To solve the problem, we need to evaluate the integral \( \int_{1}^{100} \frac{f(x)}{x} \, dx \) given that \( f(x) = f\left(\frac{100}{x}\right) \) for \( x \geq 0 \) and \( \int_{1}^{10} \frac{f(x)}{x} \, dx = 5 \). ### Step-by-Step Solution: 1. **Split the Integral**: We can split the integral from 1 to 100 into two parts: \[ \int_{1}^{100} \frac{f(x)}{x} \, dx = \int_{1}^{10} \frac{f(x)}{x} \, dx + \int_{10}^{100} \frac{f(x)}{x} \, dx \] 2. **Change of Variable in the Second Integral**: For the second integral \( \int_{10}^{100} \frac{f(x)}{x} \, dx \), we will use the substitution \( x = \frac{100}{t} \).
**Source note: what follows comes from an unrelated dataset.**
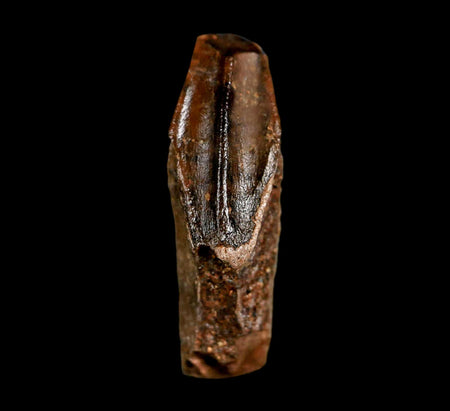 0.9" Edmontosaurus Dinosaur Fossil Tooth Rooted Hell Creek FM MT COA Display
Then, \( dx = -\frac{100}{t^2} \, dt \). - When \( x = 10 \), \( t = \frac{100}{10} = 10 \). - When \( x = 100 \), \( t = \frac{100}{100} = 1 \). Therefore, the limits of integration change from \( x = 10 \) to \( x = 100 \) into \( t = 10 \) to \( t = 1 \): \[ \int_{10}^{100} \frac{f(x)}{x} \, dx = \int_{10}^{1} \frac{f\left(\frac{100}{t}\right)}{\frac{100}{t}} \left(-\frac{100}{t^2}\right) dt \] This simplifies to: \[ = \int_{1}^{10} \frac{f\left(\frac{100}{t}\right)}{t} dt \] 3. **Using the Property of the Function**: From the property \( f(x) = f\left(\frac{100}{x}\right) \), we can replace \( f\left(\frac{100}{t}\right) \) with \( f(t) \): \[ \int_{10}^{100} \frac{f(x)}{x} \, dx = \int_{1}^{10} \frac{f(t)}{t} dt \] 4. **Combine the Integrals**: Now we can combine our results: \[ \int_{1}^{100} \frac{f(x)}{x} \, dx = \int_{1}^{10} \frac{f(x)}{x} \, dx + \int_{1}^{10} \frac{f(t)}{t} dt \] Since both integrals are equal: \[ \int_{1}^{100} \frac{f(x)}{x} \, dx = \int_{1}^{10} \frac{f(x)}{x} \, dx + \int_{1}^{10} \frac{f(x)}{x} \, dx = 2 \int_{1}^{10} \frac{f(x)}{x} \, dx \] 5. **Substituting the Given Value**: We know from the problem statement that \( \int_{1}^{10} \frac{f(x)}{x} \, dx = 5 \): \[ \int_{1}^{100} \frac{f(x)}{x} \, dx = 2 \times 5 = 10 \] ### Final Answer: Thus, the value of \( \int_{1}^{100} \frac{f(x)}{x} \, dx \) is \( \boxed{10} \).